# Oh Crap I'm Gonna Need Another Lil Big Hauler Car



## vsmith (Jan 2, 2008)

Oh Crap looks like I'm Gonna Need Another Lil Big Hauler Car










Ever have one of those days when you click on a link, see a picture and just know, dang it all, I'm going to have to model that...


----------



## Dave Meashey (Jan 2, 2008)

Victor;

What a neat little lokie! Do you know whether it was built as an inspection locomotive or a steam dummy?

Best,
David Meashey


----------



## Garratt (Sep 15, 2012)

Oh well, at least it is the coach and not the harder to get combine.
Maybe you need to buy them by the sixpac Vic. 
So what is under the floorboards? An 0-4-0 or something a little more? 
The clerestory roof is going to be troublesome on the Lil Big hauler. An LGB Euro coach may be better suited. 

Andrew


----------



## Amber (Jul 29, 2011)

I can see a set of trailing wheels in the back, so it's at least an 0-4-2, but I can't tell if it has a set of leading wheels.
I think that would be a cool project! I'd try to make one of those if I didn't already have too many things going...


----------



## vsmith (Jan 2, 2008)

Dave, Amber, its a little inspection loco, the more I look at it the more I think its a 2-2-2. Funny thing is it looks like the smokebox is at the floor level behind the pilots crossbeam, must be a really small boiler in there. I have a 0-4-0 Lil Hauler that I was wondering what to do with.


----------



## Garratt (Sep 15, 2012)

It's hard to make the wheels out in the small image. The close up below does look like a 2-2-2. 
There seems to be an small boiler half sunk into the floor. You could probably kick the coal in with you shoe.










Andrew


----------



## Bill C. (Jan 2, 2008)

I always enjoy seeing locomotives of this type, whether they are identified as steam trams, steam dummies or inspection engines. Whenever I see one on the net I save the image and now have about 18 different ones on file, some of which were built by Baldwin. The one above, the Yellow Kid, was owned by the Pennsylvania Railroad and operated along the Jersey Shore.
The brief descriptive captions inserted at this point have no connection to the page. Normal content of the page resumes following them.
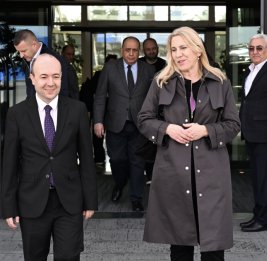 Завершился визит в Азербайджан члена Президиума Боснии и Герцеговины Жельки Цвиянович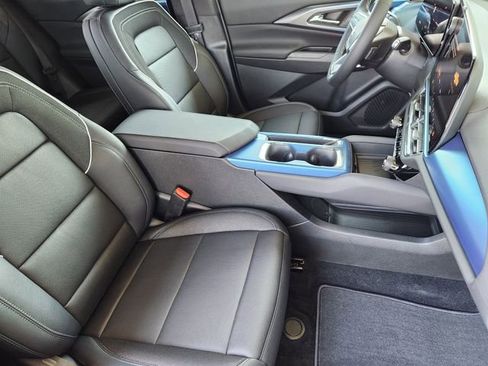 New 2026 Chevrolet Equinox EV LT w/ Convenience Package II FWD image 13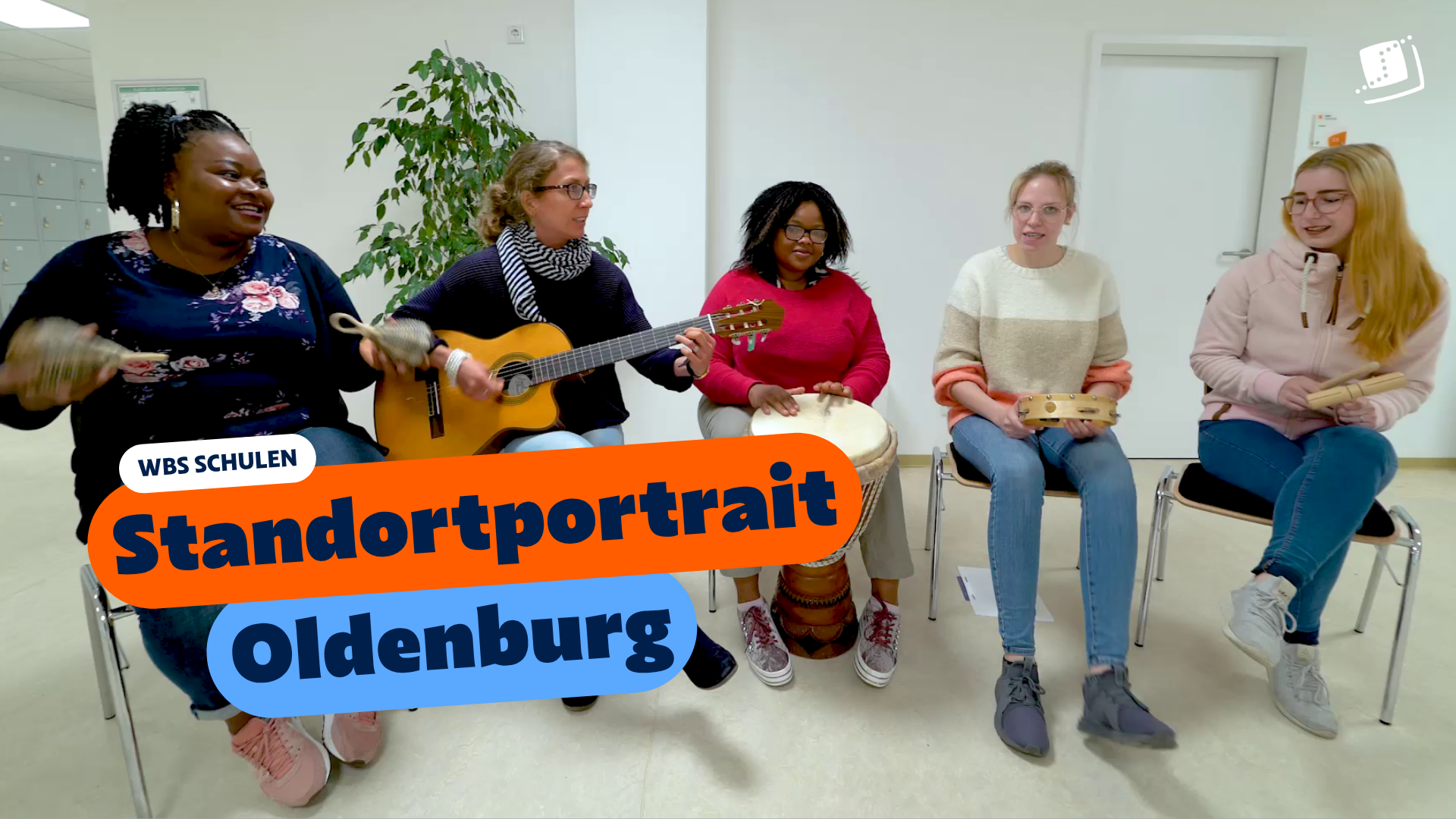 Gruppenfoto in einem Schulraum: Fünf Personen sitzen im Halbkreis und musizieren mit Gitarre, Trommel und Percussion-Instrumenten. Eingeblendeter Text: „WBS SCHULEN – Standortportrait Oldenburg“.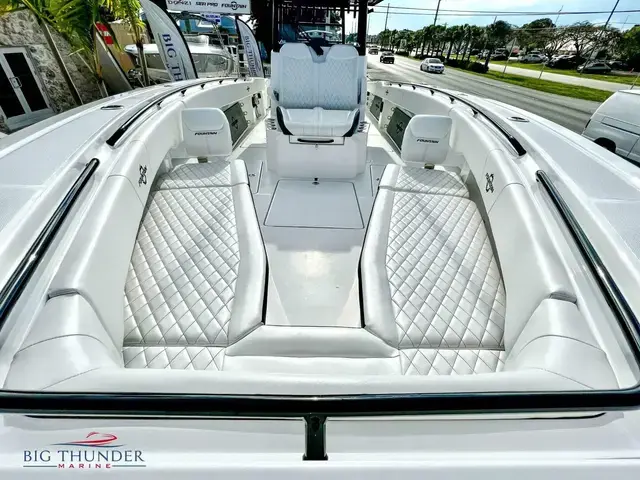 Fountain Powerboats 38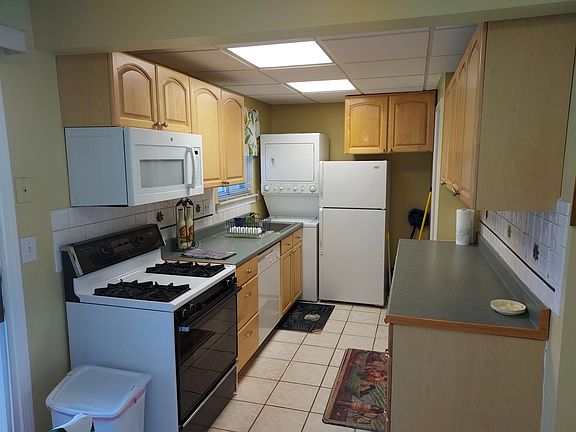 3rd image of 41234 N Woodbury Green Dr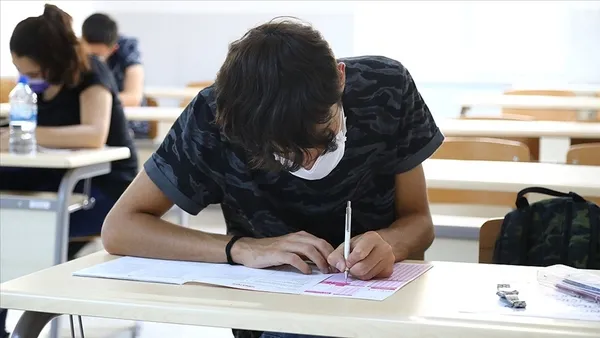 2021-yks-ek-tercih-kilavuzu-yayinlandi-mi-ek-tercih-universite-taban-puanlari-bos-kontenjanlar-1630388381355.jpg Ek tercih üniversite tavan taban puanları boş kontenjanlar! 2021 YKS ek tercih kılavuzu yayınlandı mı?-2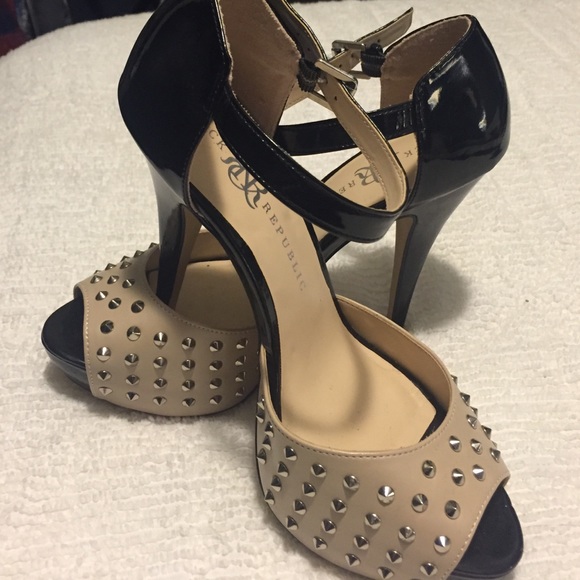 Rock & Republic Studded Peep Toe Heels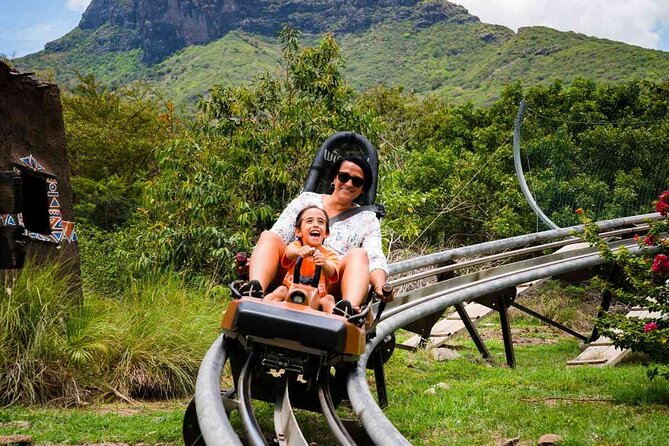 Wild Animals South West Tour : SAFARI JEEP CASELA PARK & LE MORNE - Good To Know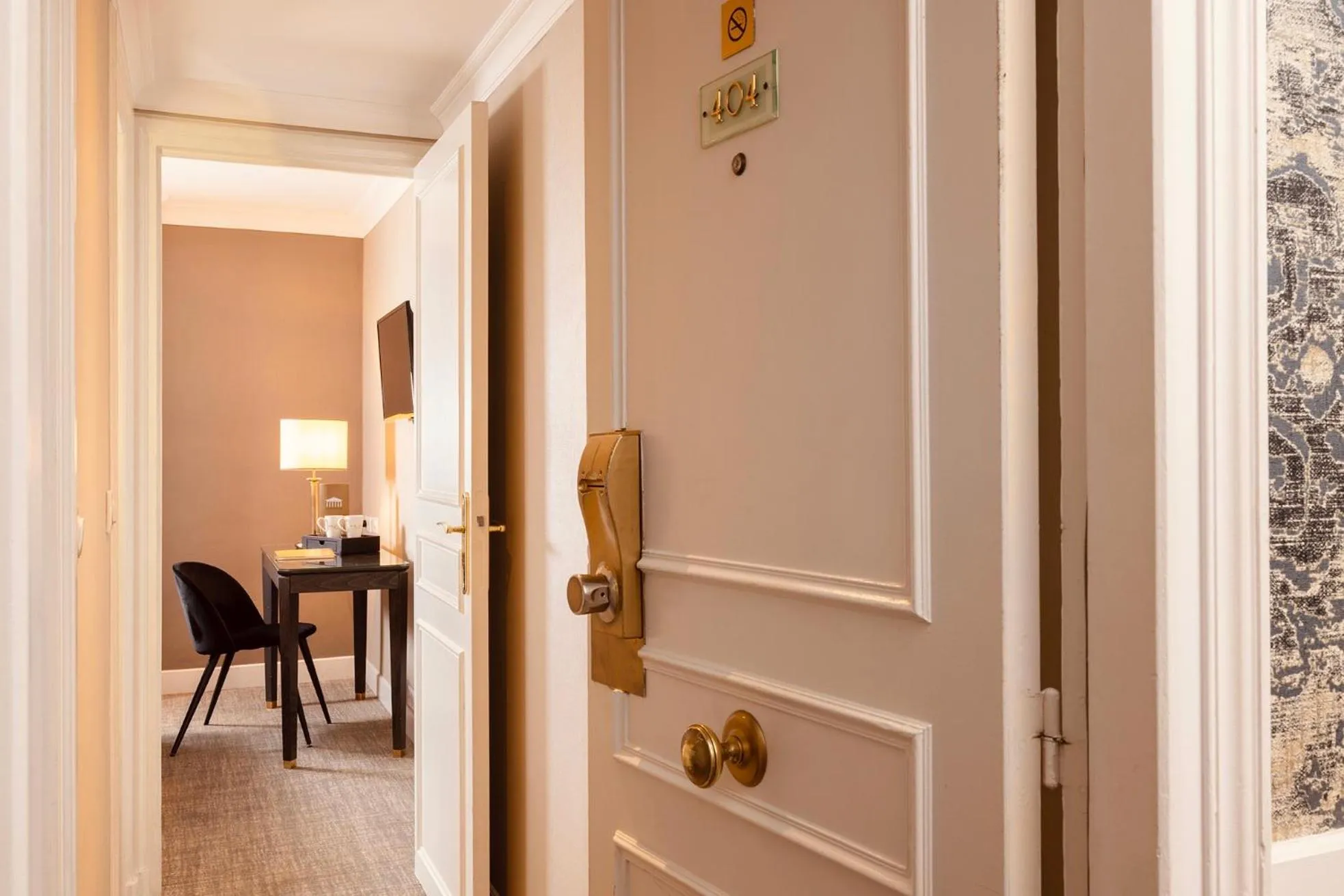 Hôtel Madeleine Plaza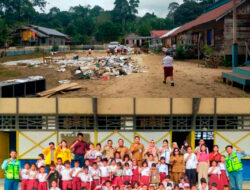 Pasca Banjir Bandang, Kadisdik Kapuas Kunjungi SDN 1 Baronang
I also have an LGB steam tram that does passenger and freight duty. Victor, it will be a good project.


----------



## Amber (Jul 29, 2011)

Looking at the first picture again, I think vsmith is right. It does look like a 2-2-2. The front wheel looks smaller than the main drive wheel, and there doesn't seem to be a connecting rod, just the main rod from the cylinder to the one driver.
I think building one as an 0-4-2would be quite reasonable, I'm guessing there were a lot of them built for commuter use. I'd bet a lot of them were sold on the used market for industrial use and things like track inspection.


----------



## TOM_1/20.3 (Mar 28, 2013)

*more*

Hi,






























TOM


----------



## Stan Cedarleaf (Jan 2, 2008)

Hi Vic... 

Not to derail the thread, but here's one I came up with from a custom designer using Hartland parts... 

The Harlem Steam Dummy

Start










Finished... 










REVOLUTION, battery and sound card.....










With a 2 car lighted consist


----------



## tj-lee (Jan 2, 2008)

Stan,

That is really very cool.

Best,
TJ


----------



## Stan Cedarleaf (Jan 2, 2008)

Thanks, TJ..... 

It really runs great with long run times on the 11.1 volt battery....


----------



## vsmith (Jan 2, 2008)




----------



## Dave Meashey (Jan 2, 2008)

Looking Good!

Regards,
David Meashey


----------



## DKRickman (Mar 25, 2008)

You might want to consider using coal or wood as fuel, instead of paint thinner.

Other than that, it's looking great!


----------



## vsmith (Jan 2, 2008)

Update, moving along, base paint finished, still need to add finish varnish coat, need some seated figures for the inside.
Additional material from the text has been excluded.